Ситуация достигла взрыва между 1964 и 1967 годами. Объективным фактором стало экономическое восстановление Европы, поводом — вьетнамская война. В США подняла голову оппозиция, запустившая волну расследований деятельности ЦРУ, поддержанную сатирой в духе «Доктора Стрейнджлава». Социалисты в очередной раз стали массово менять сторону, причём дело дошло до высочайших чинов в машине пропаганды, одновременно чувствовавших брожение в Соединённых Штатах и боявшихся разоблачения. Страхи отчасти оказались оправданы: в 1967 году Конгресс атаковали со всех сторон. Последний гвоздь в крышку гроба забил… агент ЦРУ Том Брейден, впрочем, заменивший в своих публикациях имена ключевых руководителей и сместивший вину на левых. Лидеры Конгресса метались от циничных планов по спасению ситуации к внезапным отречениям и взаимным обвинениям.

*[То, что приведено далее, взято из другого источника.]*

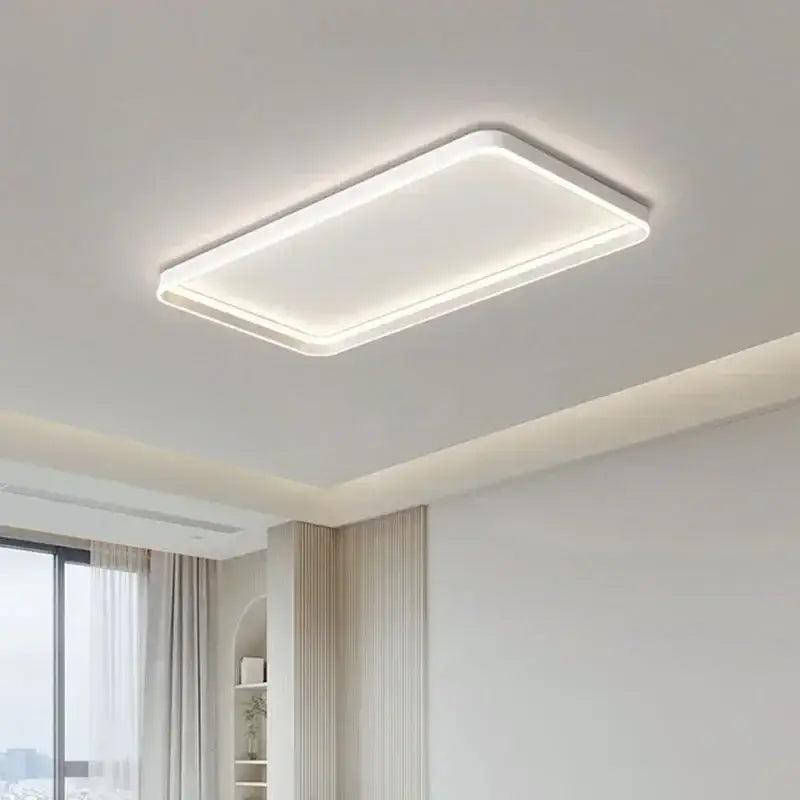 Modern white geometric led ceiling lamp with sleek frame and soft diffused illumination for living room decorbites ceiling lamp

По сути, пропагандистская машина западных спецслужб предала своих агентов, принесла в жертву часть случайных попутчиков, при этом сохранив систему, включавшую фонды, недвижимость, юридические фирмы, издательства и т.п. Сондерс подчёркивает, что внутри ЦРУ никто не понёс наказания, включая Брейдена. Президент Линдон Джонсон создал комитет под руководством заместителя госсекретаря Николаса Каценбаха, номинально запретивший тайные операции спецслужб (тем же когда-то руководствовались при роспуске УСС) — однако отчёт не имел законной силы, и манипуляции ЦРУ продолжились с косметическими перестановками. Остатки Конгресса были поделены между США, Францией и Великобританией, но его окончательная гибель стала лишь делом времени. Некоторые части старого механизма продолжали существовать до 1990-х годов, хотя уже не за счёт поддержки ЦРУ, а благодаря рвению начальства из уходящей в прошлое «старой гвардии».

Цитата из к/ф «Доктор Стрейнджлав». реж Стэнли Кубрик. 1964. США
Судный день

Итого, западную пропаганду 50-60-х годов можно рассматривать как элитную игру, основной жертвой которой стали западные же левые. Историк международных отношений Пол Кеннеди утверждает, что 1970-е стали эпохой борьбы между США, Европой и развивающимися странами. Консенсус вокруг американизации к тому времени утратил запал; его агентов списали, сохранив и усовершенствовав стоящие за ними структуры — вероятно, дожившие до нашего времени. Герои, описанные Сондерс, по чисто физиологическим причинам ушли на покой (кто-то на пенсию или «золотой парашют» должностей в фондах, кто-то в бизнес, кто-то в советники посткоммунистических стран, а кто-то оказался в рядах новых левых). Логично предположить, что дело их живо.

Понимали ли мыслители и деятели культуры, в какой схеме участвуют? Книга намекает, что и да, и нет. Мемуары отечественной творческой интеллигенции в 1917 году показывают, как «совесть нации» отчаянно соревнуется за должности и финансирование, идя на компромиссы с новыми властями. Наверное, здесь есть черта, за которой подобное соглашательство невозможно; но люди гибки, и многое зависит от конъюнктуры. Писатели могли подстраиваться под цензоров в ГДР, а могли — под требования посредников в ФРГ. Происхождение денег удивительно мало заботило интеллектуалов, и многие из них наверняка искренне считали, что получили возможность говорить, что хотят, в рамках неизбежной политкорректности. Разоблачение толкнуло более чувствительных людей к пьянству или запоздавшему бунту. Но, что более важно, сделки старшего поколения с совестью подготовили почву и для неудачи «долгого 68-го», и для пессимизма постмодернистской эры. Наследие пропагандистов (по воле и по неволе) наложило тяжёлый отпечаток и на политику, и на мысль последующих десятилетий, пусть Запад дождался краха СССР. Кажется, до сих пор лишь немногие взялись его по-настоящему осмыслить.